Brief descriptive captions

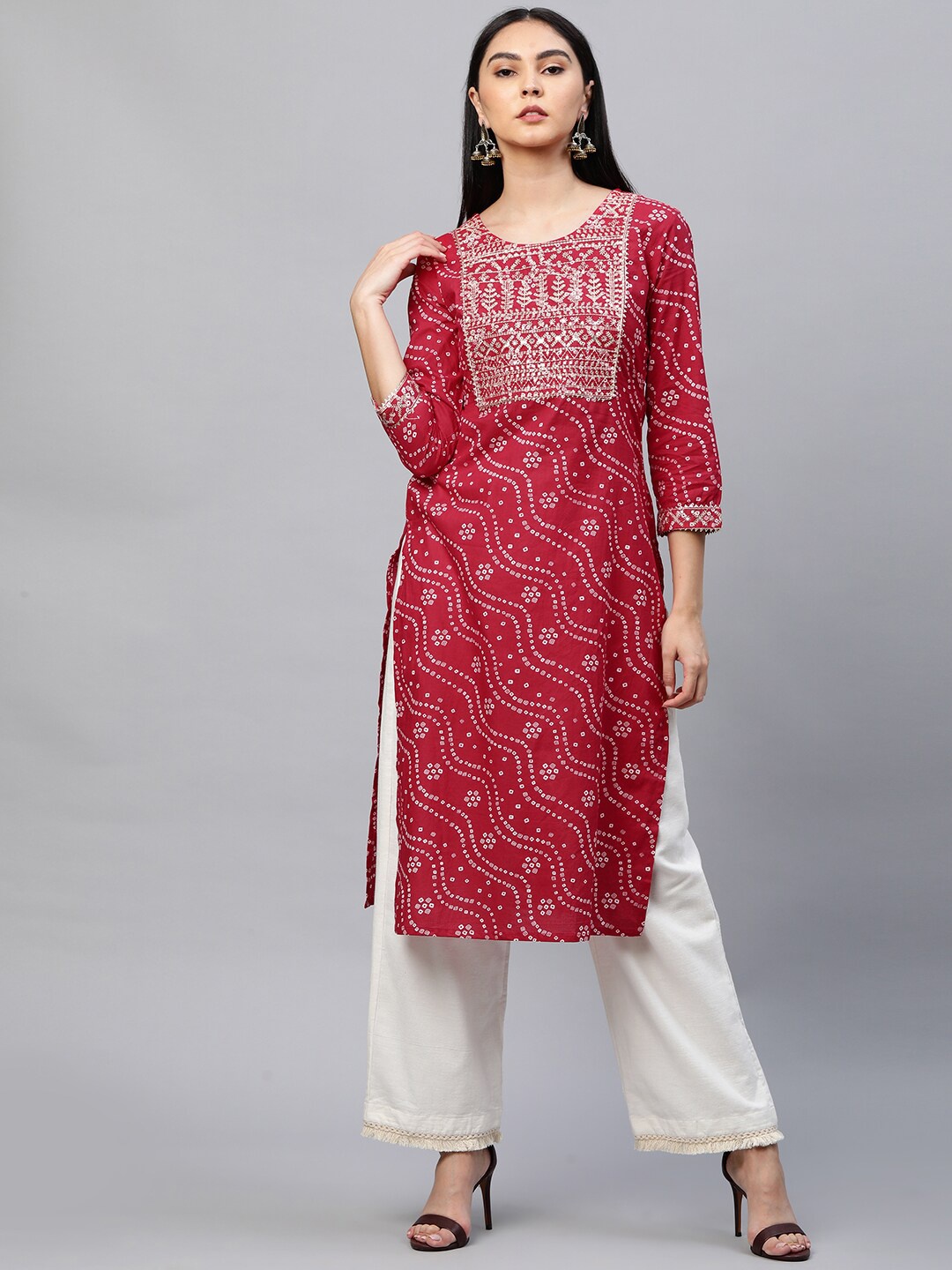 

FASHOR Women Red Bandhani Printed Thread Work Kurta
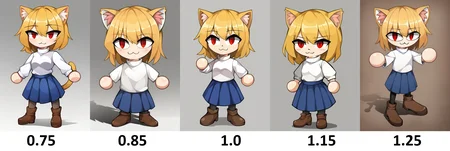 score_9, score_7_up, source_anime, masterpiece, best quality, detailed, perfect, perfection, aesthetic, absurd, detailed, KaliningradG,
illustration showing necoarc,
1girl, blonde hair, red eyes, slit pupils, cat ears, :3, chibi,
turtleneck, white shirt, blue skirt, pleated skirt, pantyhose, brown footwear
full body, standing, dynamic pose
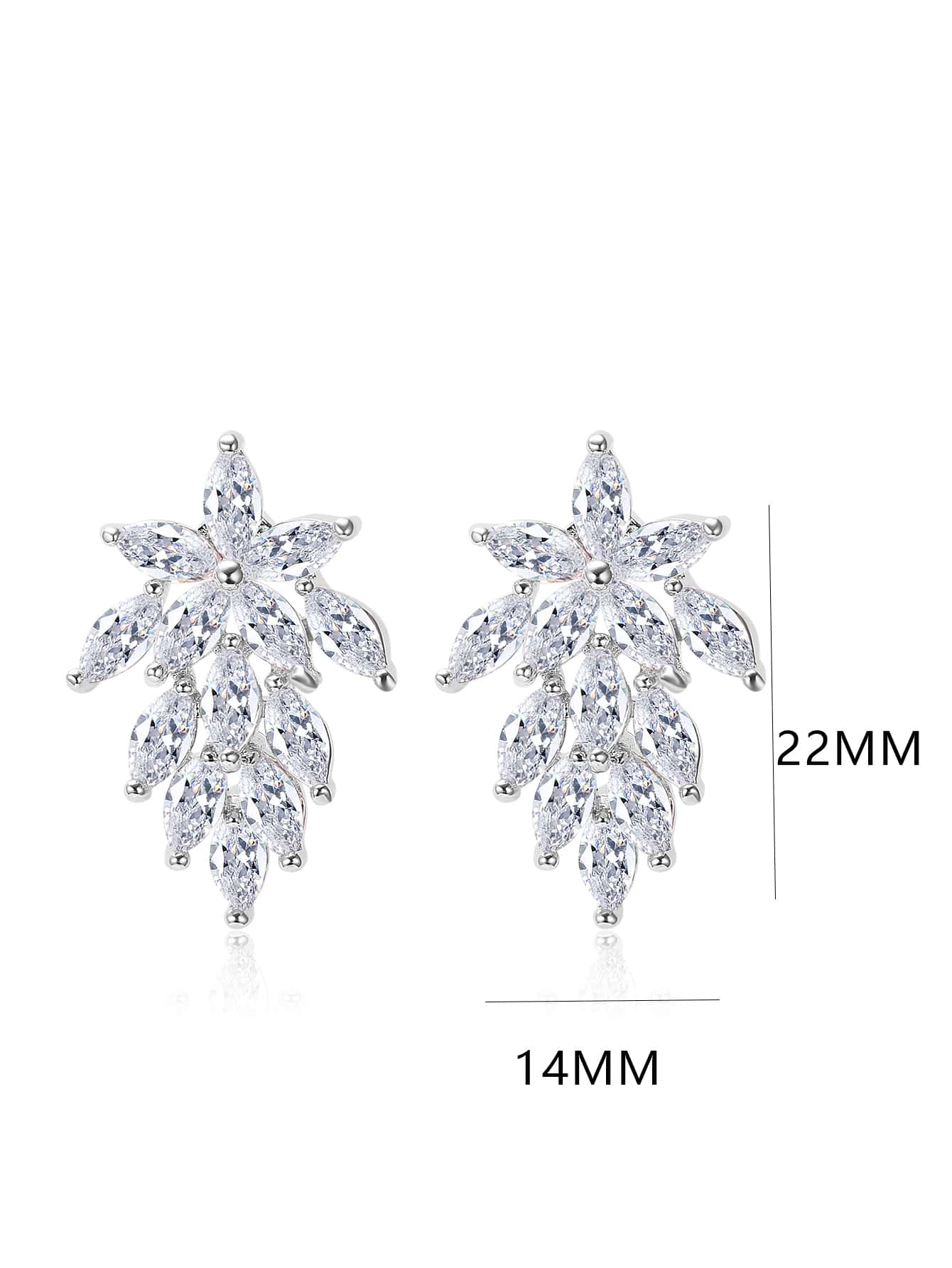 Buy SHEIN Cubic Zirconia Decor Stud Earrings For Women For Party Banquet Wedding in Pakistan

_Task instructions_
The response should contain every record above exactly as written, and none of the pictures.

_Answer to the exercise_
FASHOR Women Red Bandhani Printed Thread Work Kurta
 score_9, score_7_up, source_anime, masterpiece, best quality, detailed, perfect, perfection, aesthetic, absurd, detailed, KaliningradG,
illustration showing necoarc,
1girl, blonde hair, red eyes, slit pupils, cat ears, :3, chibi,
turtleneck, white shirt, blue skirt, pleated skirt, pantyhose, brown footwear
full body, standing, dynamic pose
 Buy SHEIN Cubic Zirconia Decor Stud Earrings For Women For Party Banquet Wedding in Pakistan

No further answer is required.